Complimenti! Avete fatto un disco come neanche da giovani… ma i Persiana Jones non invecchiano mai? Ma c’è un trucco? Un elisir?
Non abbiamo nessun trucco o segreto. Semplicemente ci piace suonare e ci piace divertirci e con la musica abbiamo la possibilità di farlo.

ma come vi è venuto fuori un disco così picchiato e duro (rispetto alla vostra classica produzione ska)? Questa rabbia , questa grinta…
Anche qui nessun trucco od inganno. Passa il tempo, si matura, penso si cresca anche e si ricercano nuovi suoni e nuove melodie. Lo ska tradizionale fa parte del nostro passato e non lo rinneghiamo, però un po’ più di chitarre non guastano……

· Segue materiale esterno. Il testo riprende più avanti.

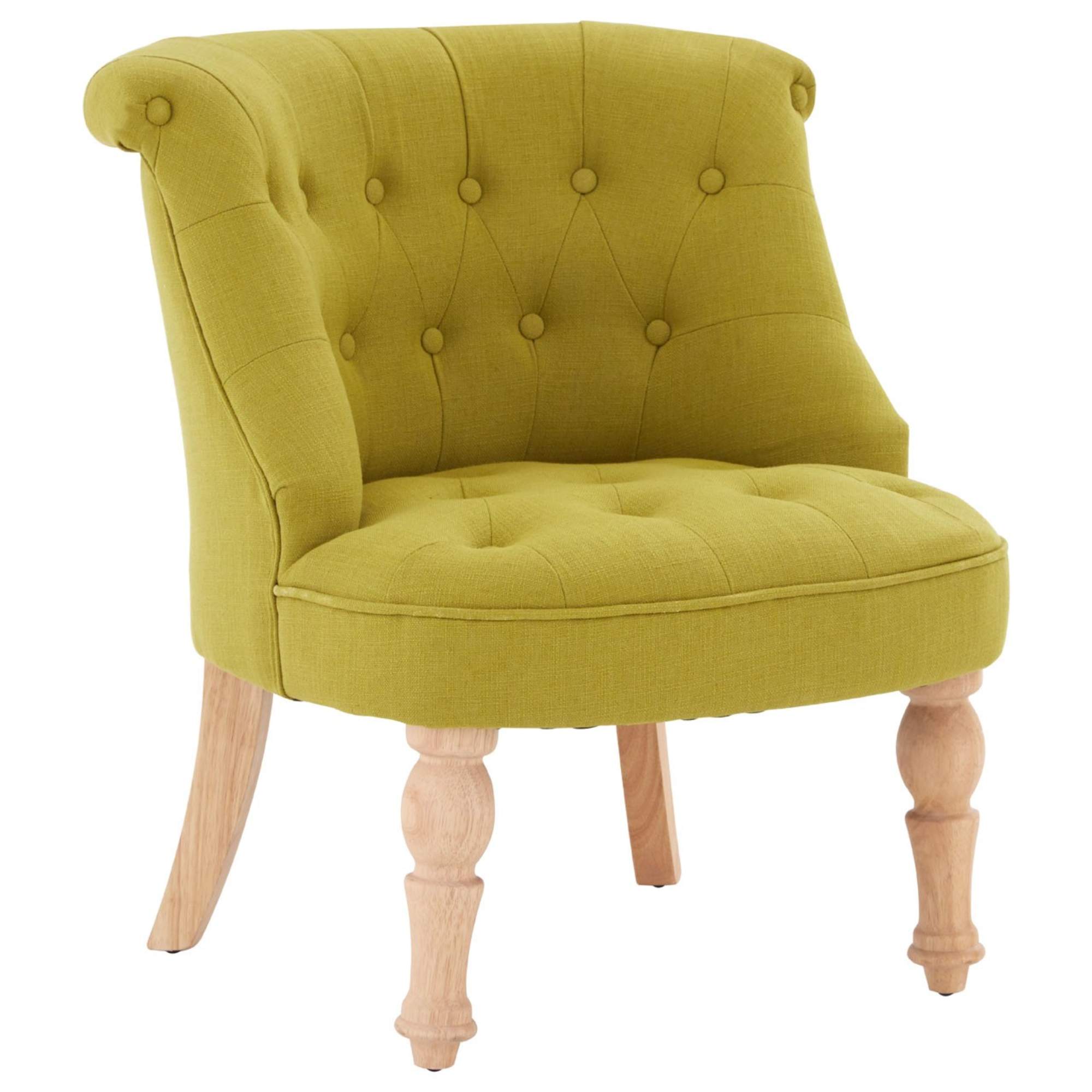 ACCENT CHAIR - BBACNC35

sì, ok… ma uno pensa che di solito i gruppi più ‘invecchiano’ più ammorbidiscono il suono o la linea, voi invece sembrerebbe abbiate avuto un processo inverso. Correggimi se sbaglio.
In effetti il suono si è un po’ indurito, probabilmente rispetto agli altri abbiamo un processo inverso….. Penso che rispecchi comunque i nostri gusti attuali nei confronti dello ska e del rock in genere. Lo ska inteso come ska-roots ci ha un po’ stufato, siamo un po’ stanchi di questa musica suonata tutta nello stesso modo, con i fiati in primo piano a fare dei giri il più delle volte triti e ritriti. Mi piace ancora ascoltare i classici del passato, come mi piace ascoltare Special e compagnia bella, però se devo scegliere metto su i MMBosstones o i RBFish, i Goldifinger, e poi tutto il catalogo Epitaph. Non rinnego il nostro passato, però il presente segue i nostri gusti personali.

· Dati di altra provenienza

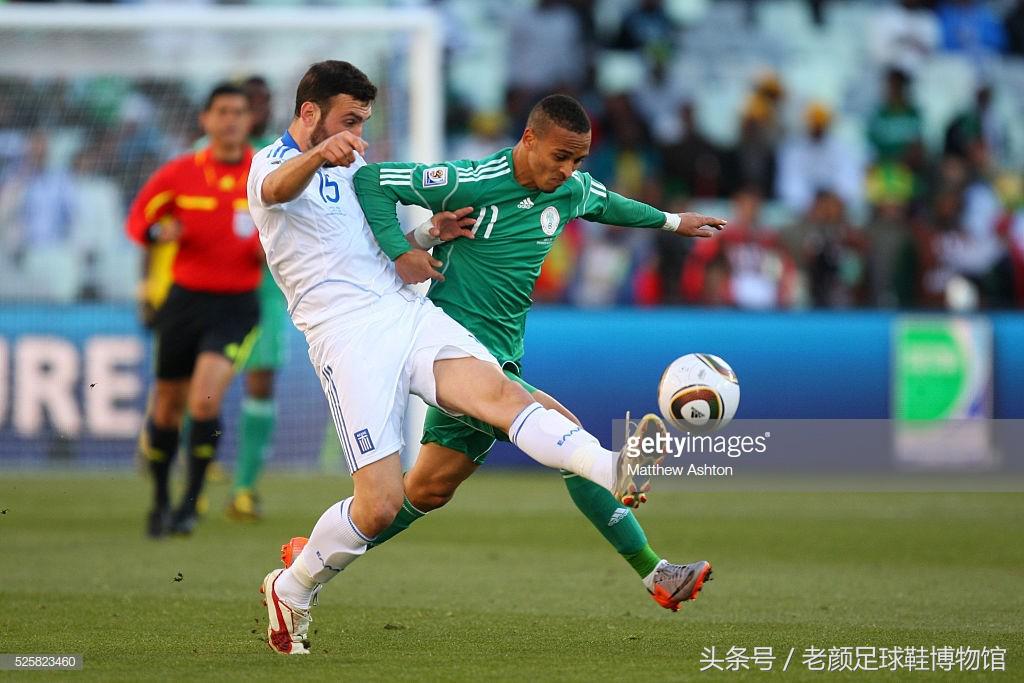 世界杯战靴盘点,南非世界杯复刻版足球鞋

Avete chiamato un personaggio storico (per non dire mitico) del circuito punx Hc torinese, Zazzo dei furono Negazione…
Beh, Zazzo prima di tutto è un amico, quindi in un disco tra amici non poteva mancare. Se poi lui ci ha ripagato con delle interpretazioni super, quella è la conferma che è un grande.

…e quindi la produzione di Darian Rundall (di solito al lavoro con le produzioni Epitaph), com’è avvenuto l’incontro? Com’è andata in studio?
L’incontro è avvenuto tramite internet. Volevamo un produttore che fosse vicino ai nostri gusti musicali, dato che Pippo Monaro era impossibilitato a registrarci, e dato che Madaski avrebbe potuto registrare solo da Aprile, ed avendo Marzo libero, abbiamo contattato Darian via mail e lui ci ha risposto e il resto è stata solo una conseguenza. In studio poi è stato grande, ci ha cambiato parecchio nel modo di affrontare lo studio e le registrazioni di Madaski sono proseguite sullo stesso tenore. Diciamo che siamo stati molto fortunati. Poi i pezzi sono venuti proprio come li volevamo noi, belli “aggressivi”.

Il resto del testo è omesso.